Bug#908937: ghostscript breaks ocrmypdf autopkgtest

To: submit@bugs.debian.org
Subject: Bug#908937: ghostscript breaks ocrmypdf autopkgtest
From: Paul Gevers <elbrus@debian.org>
Date: Sun, 16 Sep 2018 11:20:46 +0200
Message-id: <[🔎] 619962ff-4694-9d5b-7bcc-8e24605c6b61@debian.org>
Reply-to: Paul Gevers <elbrus@debian.org>, 908937@bugs.debian.org

Source: ghostscript, ocrmypdf
Control: found -1 ghostscript/9.25~dfsg-2
Control: found -1 ocrmypdf/6.2.3-1
X-Debbugs-CC: debian-ci@lists.debian.org
User: debian-ci@lists.debian.org
Usertags: breaks needs-update

Dear maintainers,

With a recent upload of ghostscript the autopkgtest of ocrmypdf fails in
testing when that autopkgtest is run with the binary packages of
ghostscript from unstable. It passes when run with only packages from
testing. I copied some of the output at the bottom of this report.

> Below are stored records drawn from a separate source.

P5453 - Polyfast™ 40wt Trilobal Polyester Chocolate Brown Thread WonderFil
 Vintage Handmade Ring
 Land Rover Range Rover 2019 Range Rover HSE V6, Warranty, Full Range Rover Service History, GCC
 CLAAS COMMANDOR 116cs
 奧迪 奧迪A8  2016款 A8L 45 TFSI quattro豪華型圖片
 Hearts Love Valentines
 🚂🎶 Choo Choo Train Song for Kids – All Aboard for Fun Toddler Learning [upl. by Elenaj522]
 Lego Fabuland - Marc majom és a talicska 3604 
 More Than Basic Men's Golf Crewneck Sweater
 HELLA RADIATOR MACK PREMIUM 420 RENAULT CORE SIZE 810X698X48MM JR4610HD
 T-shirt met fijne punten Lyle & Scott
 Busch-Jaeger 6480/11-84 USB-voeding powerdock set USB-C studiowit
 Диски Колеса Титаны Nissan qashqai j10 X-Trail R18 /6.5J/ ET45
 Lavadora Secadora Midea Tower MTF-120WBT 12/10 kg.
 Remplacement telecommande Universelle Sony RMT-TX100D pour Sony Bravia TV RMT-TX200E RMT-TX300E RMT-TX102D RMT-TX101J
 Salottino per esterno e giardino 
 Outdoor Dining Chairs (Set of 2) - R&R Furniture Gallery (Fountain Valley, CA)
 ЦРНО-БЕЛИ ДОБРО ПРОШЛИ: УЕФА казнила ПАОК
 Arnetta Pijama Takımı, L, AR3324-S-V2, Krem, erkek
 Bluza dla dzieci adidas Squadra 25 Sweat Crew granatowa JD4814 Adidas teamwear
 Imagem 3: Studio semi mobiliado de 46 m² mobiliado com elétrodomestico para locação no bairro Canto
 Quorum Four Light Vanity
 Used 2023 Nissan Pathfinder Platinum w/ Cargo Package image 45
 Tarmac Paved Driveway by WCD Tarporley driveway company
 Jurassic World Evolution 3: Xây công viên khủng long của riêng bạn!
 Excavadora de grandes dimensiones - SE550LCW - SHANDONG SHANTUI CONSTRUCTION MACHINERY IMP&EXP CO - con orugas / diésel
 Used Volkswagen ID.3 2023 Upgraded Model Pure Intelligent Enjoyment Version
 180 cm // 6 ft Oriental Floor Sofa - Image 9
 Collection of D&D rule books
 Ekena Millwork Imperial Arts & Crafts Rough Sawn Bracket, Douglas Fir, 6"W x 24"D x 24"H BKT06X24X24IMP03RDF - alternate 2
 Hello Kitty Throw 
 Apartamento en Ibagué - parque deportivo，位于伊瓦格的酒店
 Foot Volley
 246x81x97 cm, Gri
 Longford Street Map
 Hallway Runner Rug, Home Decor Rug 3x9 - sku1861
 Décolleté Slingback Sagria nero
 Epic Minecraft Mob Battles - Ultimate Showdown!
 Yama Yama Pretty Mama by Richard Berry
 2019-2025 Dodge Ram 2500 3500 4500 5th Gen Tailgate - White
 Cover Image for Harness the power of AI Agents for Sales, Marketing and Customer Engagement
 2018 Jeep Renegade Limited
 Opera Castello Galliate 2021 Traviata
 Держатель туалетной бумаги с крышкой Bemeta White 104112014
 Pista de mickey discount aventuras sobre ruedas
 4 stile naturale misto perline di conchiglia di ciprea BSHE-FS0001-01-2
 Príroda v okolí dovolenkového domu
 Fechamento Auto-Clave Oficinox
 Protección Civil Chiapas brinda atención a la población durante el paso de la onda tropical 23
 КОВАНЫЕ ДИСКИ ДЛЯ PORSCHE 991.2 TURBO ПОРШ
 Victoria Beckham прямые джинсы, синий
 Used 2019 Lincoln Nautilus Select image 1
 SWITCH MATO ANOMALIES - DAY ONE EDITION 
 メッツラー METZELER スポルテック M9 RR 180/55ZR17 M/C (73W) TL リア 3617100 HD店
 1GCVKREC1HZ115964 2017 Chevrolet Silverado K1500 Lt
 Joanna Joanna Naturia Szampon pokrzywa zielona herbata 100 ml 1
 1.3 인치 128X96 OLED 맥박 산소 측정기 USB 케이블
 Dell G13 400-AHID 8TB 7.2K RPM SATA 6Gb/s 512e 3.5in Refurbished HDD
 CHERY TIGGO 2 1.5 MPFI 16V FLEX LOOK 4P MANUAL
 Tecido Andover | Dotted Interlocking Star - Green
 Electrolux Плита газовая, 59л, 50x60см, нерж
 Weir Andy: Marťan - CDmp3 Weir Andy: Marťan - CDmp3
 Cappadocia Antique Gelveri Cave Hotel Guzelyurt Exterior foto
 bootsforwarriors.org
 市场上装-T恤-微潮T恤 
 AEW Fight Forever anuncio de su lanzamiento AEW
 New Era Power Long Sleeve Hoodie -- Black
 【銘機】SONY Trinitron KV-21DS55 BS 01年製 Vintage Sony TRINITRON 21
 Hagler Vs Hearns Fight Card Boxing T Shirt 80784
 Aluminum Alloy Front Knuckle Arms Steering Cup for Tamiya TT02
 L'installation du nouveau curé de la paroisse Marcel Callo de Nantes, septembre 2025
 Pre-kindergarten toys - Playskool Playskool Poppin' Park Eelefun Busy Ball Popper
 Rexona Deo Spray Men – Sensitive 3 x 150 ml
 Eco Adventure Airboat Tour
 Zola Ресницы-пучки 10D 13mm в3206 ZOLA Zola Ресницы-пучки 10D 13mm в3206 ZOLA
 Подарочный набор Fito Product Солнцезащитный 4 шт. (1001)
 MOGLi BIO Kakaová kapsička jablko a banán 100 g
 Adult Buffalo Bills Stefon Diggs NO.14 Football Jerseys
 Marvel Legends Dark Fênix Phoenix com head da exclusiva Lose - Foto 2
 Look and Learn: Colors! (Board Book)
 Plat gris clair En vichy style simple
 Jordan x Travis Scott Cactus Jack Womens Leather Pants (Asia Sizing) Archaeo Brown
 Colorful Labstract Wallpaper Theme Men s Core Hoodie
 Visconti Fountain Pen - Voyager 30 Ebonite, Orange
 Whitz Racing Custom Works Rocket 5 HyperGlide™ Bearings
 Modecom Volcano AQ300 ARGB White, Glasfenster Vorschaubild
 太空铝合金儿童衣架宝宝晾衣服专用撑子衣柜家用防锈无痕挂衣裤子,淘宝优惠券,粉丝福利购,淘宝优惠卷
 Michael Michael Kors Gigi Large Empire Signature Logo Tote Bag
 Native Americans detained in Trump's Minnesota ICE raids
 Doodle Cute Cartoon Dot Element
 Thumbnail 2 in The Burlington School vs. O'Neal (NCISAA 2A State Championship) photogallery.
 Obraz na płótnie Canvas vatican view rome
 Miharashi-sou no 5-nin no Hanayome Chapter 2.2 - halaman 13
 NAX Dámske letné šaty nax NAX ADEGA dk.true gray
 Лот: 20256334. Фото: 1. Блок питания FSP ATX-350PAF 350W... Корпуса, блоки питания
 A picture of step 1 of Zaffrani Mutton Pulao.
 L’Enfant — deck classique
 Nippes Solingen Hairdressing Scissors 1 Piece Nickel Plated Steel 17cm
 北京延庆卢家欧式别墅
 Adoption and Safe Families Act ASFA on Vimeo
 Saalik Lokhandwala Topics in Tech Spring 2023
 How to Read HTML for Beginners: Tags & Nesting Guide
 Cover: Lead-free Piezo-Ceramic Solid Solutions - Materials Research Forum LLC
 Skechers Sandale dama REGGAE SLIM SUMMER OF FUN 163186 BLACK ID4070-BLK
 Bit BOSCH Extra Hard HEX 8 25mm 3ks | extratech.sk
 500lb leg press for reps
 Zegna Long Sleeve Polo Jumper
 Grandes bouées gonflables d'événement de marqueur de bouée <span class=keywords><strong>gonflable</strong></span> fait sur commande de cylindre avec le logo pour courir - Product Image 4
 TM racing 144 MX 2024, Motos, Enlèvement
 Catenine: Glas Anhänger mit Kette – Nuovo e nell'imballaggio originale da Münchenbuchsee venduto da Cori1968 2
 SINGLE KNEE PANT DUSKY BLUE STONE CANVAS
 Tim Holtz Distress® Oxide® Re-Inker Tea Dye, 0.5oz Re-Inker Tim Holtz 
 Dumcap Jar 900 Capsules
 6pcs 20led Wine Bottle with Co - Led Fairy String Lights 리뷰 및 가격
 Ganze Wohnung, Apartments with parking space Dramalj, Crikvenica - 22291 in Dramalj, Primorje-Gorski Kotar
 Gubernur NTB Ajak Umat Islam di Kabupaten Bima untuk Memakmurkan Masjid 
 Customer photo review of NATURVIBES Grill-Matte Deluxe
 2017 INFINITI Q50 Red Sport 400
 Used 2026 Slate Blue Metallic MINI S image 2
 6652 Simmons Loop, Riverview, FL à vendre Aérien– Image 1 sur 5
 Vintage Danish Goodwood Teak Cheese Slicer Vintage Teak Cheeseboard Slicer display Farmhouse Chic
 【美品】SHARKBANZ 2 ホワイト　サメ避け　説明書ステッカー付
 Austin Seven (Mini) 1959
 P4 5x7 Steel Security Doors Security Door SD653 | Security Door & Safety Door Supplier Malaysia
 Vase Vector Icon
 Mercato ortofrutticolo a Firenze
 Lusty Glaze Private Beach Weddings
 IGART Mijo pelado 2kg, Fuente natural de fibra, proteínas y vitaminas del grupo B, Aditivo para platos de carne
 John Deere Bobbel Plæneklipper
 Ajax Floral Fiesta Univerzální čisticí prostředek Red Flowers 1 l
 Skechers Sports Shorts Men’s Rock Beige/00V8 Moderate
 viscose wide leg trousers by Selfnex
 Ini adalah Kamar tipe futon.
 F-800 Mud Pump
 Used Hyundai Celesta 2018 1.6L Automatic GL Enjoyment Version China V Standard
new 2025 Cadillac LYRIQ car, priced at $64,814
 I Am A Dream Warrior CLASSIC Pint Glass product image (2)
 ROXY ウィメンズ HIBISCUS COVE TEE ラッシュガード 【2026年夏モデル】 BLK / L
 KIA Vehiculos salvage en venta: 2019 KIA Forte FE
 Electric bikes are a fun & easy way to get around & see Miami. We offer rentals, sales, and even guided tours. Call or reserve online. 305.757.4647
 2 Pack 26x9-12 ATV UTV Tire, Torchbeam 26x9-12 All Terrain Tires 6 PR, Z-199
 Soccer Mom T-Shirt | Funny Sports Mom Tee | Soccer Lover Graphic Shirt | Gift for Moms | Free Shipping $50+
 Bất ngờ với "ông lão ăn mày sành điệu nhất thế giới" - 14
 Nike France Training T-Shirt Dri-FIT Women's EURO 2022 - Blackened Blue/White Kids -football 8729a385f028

As ghostscript is uploaded with urgency high, this regression is NOT
delaying of the migration of ghostscript to testing [1]. If this
regression requires blockage of ghostscript to testing, fast action is
required (raising the severity of this bug should be enough, albeit I
haven't tested RC blockage when bugs are assigned to multiple packages.
Due to the nature of this issue, I filed this bug report against both
packages. Can you please investigate the situation and reassign the bug
to the right package? As needed, please change the bug's severity.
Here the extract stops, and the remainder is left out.